Stanley Cup Finals (vs. Philadelphia): 4-2, 3.43, .882

If you’re looking for a key to Chicago’s success in the finals, you would go a long way before settling on “Antti Niemi.” He allowed four or more goals in three of the six games and held the Flyers under three goals only once. He won two games when allowing four or more goals. Five times he let leads slip away, and he allowed 11 goals 81 shots in the last three games of the series (.864 save percentage).

Sometimes a team wins a Stanley Cup because of their goaltender. Sometimes they win it in spite of him. And sometimes, they win it when the goalie is a passenger on a loaded team that hits its stride when it counts. Count us as putting Niemi in that last category. And for a team like the Capitals, whose success will be measured precisely by how well they do in the playoffs, we like the idea of giving the kids a chance to use the regular season to hone their games in preparation for that tournament more than we like the idea of Niemi in a Caps uniform. And even if that doesn’t work out, chances are there will be better goaltenders available at the trading deadline to help the Caps achieve the success in the playoffs that eluded them last spring.

11 comments:

John said...

Another well written article, great job. For me it's even a little more simple. I don't like when teams chase "hot" playoff goaltenders. The other Blackhawks goalie, one Cristobal Huet, is a great example. The Caps were smart to let him go instead of signing him to the monster contract that the Hawks did. I like the Caps kids coming up in goal and agree that giving them an entire season to mature is a great idea. If things go south, there is always the trade deadline. Until then I think a wait and see attitude is just fine.

this space for rent said...

Totally agree, and let me add one more super-important point. Right now, the Caps have a shade over $5M under the Cap and only need to sign one or two more guys. Plenty of space for Niemi, BUT ....

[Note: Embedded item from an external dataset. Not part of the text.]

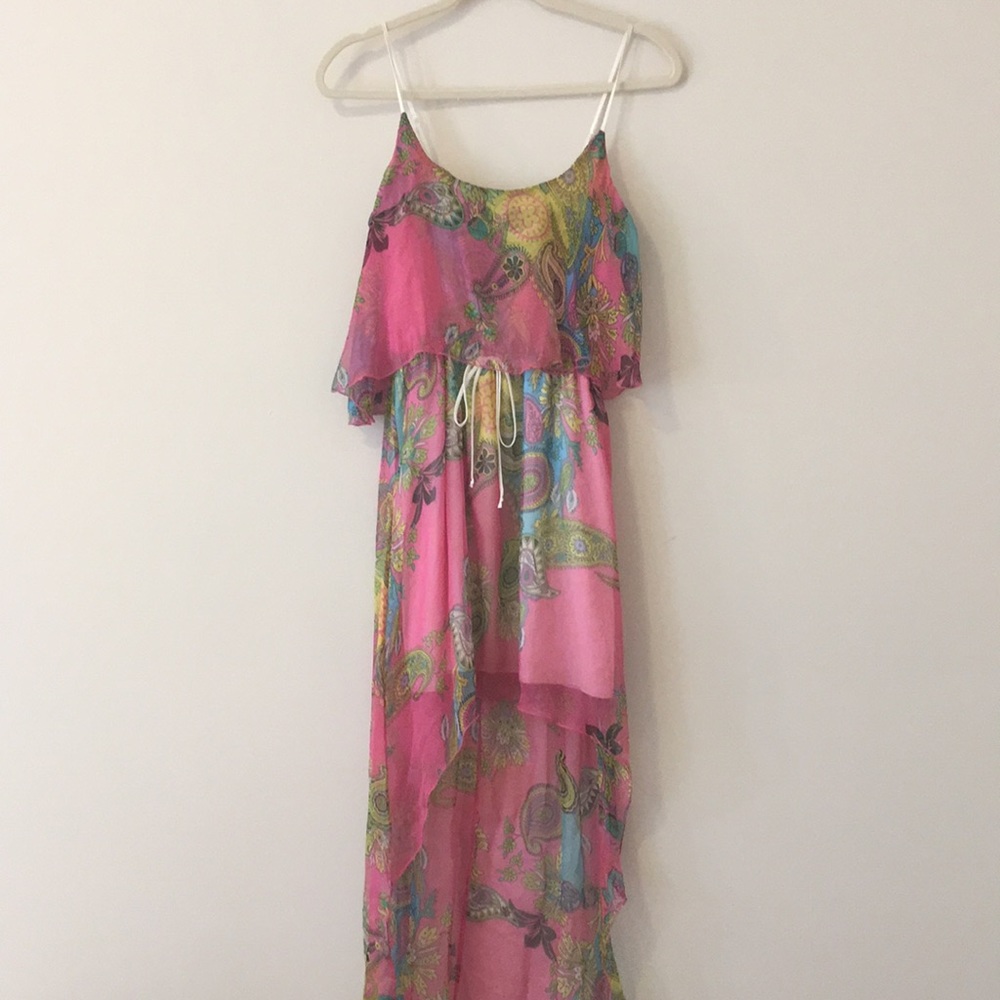 Vibrant high-low spring dress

They have other needs as well that have been discussed, and were in fact a bigger part of their playoff problems than goal. The Caps are not what you'd call deep down the middle - most especially, they need a center that can make plays for Alexander Semin and haul ass back if Semin screws up. Their need for a shutdown defenseman is also well-documented. Neither of these commodities - a top-4 shutdown D and a 2C with the wheels and smarts to keep up with Semin - is likely to come in at under $3M. Both of their kid goalies come in at .821 under the cap. Trade one of those for a 2.75 like Niemi and suddenly you don't have the space to acquire more than one of those at best, and at worst you're short for both.

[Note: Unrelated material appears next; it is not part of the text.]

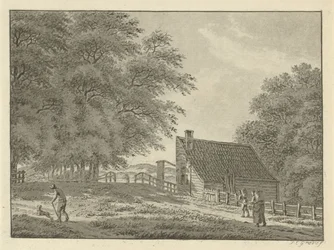Landschap bij Overveen met wandelaars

So, Niemi is not only not as good a fit as some are given to think, he's a needless luxury that could hamstring their ability to fix their real needs.

Anonymous said...

Last I checked, Niemi has a Cup. Numbers are one thing, but Championships are another. I think he would be great in DC for one year.

The Peerless said...

So does Ben Eager. Think the Caps should have traded for him?

RAW said...

he definitely not the answer. i think the kids in goal will be just fine and at a great cap price. this team is ready to rock and a 2nd line center and a d-man will be available later in the season. i really want to see perrault given a chance.
ray

paidinfull said...

Any interest in changing the title to
"Niemi as a Cap?... Hell No."

I think this pretty much sums it up.
Varlamov
Regular
32GP 19-4-7 with a 2.52 and a .911%
Playoffs
19GP 10-9 with a 2.49 and a .915%

Anttii Niemi
Regular
42GP 27-8-4 with a 2.32 and a .910%
Playoffs
22GP 16-6 with a 2.63 and a .910%

The general consensus is CHI has a great defense and WSH has a bad/average defense. That being said the numbers alone are enough to indicate that Varlamov is a better goalie than Niemi, so this whole Niemi > Varlamov is just dumb. The ring is a byproduct of the team, not indicative of the players individual skill which is what we are basing this comparison on.

Anonymous said...

Awesome breakdown. Very well done.

I've been dealing with this from the opposite coast, being a Sharks fan (the Caps are my East Conf team of choice, but I bleed teal). We signed Niittymaki, and say what you will about him, DW clearly thinks he's the guy we want. We also have kids who need playing time in net. Not quite the same situation as the Caps, who have a playoff tested goalie and a kid who's won back to back Calder Cups, but it's not like the Sharks are looking for goalie help either.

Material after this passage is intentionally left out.